Records for the task:
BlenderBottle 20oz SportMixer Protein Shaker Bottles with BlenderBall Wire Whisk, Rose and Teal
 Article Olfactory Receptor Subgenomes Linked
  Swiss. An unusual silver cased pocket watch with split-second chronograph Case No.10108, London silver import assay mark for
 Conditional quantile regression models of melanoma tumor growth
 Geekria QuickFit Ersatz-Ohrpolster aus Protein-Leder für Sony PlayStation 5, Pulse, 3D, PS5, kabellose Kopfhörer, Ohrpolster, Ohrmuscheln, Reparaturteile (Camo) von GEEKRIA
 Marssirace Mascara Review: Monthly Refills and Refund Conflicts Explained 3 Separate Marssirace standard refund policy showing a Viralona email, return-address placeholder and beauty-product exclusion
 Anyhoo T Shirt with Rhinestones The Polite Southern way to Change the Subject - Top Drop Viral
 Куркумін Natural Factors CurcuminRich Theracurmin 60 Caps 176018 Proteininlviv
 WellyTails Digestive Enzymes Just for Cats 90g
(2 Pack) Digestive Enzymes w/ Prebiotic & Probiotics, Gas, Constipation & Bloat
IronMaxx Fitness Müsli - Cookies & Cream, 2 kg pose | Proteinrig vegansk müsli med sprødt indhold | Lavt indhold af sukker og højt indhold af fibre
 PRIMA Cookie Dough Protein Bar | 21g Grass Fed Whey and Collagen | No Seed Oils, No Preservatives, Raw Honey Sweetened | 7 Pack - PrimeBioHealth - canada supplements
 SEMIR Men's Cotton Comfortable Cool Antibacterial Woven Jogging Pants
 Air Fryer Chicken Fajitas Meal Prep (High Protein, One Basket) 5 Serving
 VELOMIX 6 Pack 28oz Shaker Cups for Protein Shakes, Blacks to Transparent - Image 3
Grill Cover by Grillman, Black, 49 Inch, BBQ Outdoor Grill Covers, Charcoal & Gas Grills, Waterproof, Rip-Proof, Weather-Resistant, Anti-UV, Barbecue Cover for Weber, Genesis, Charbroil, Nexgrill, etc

Assignment: Print exactly the lines of the listing above starting at the line containing "Куркумін Natural Factors" and ending at the line containing "(2 Pack) Digestive", both included.

Exercise output:
 Куркумін Natural Factors CurcuminRich Theracurmin 60 Caps 176018 Proteininlviv
 WellyTails Digestive Enzymes Just for Cats 90g
(2 Pack) Digestive Enzymes w/ Prebiotic & Probiotics, Gas, Constipation & Bloat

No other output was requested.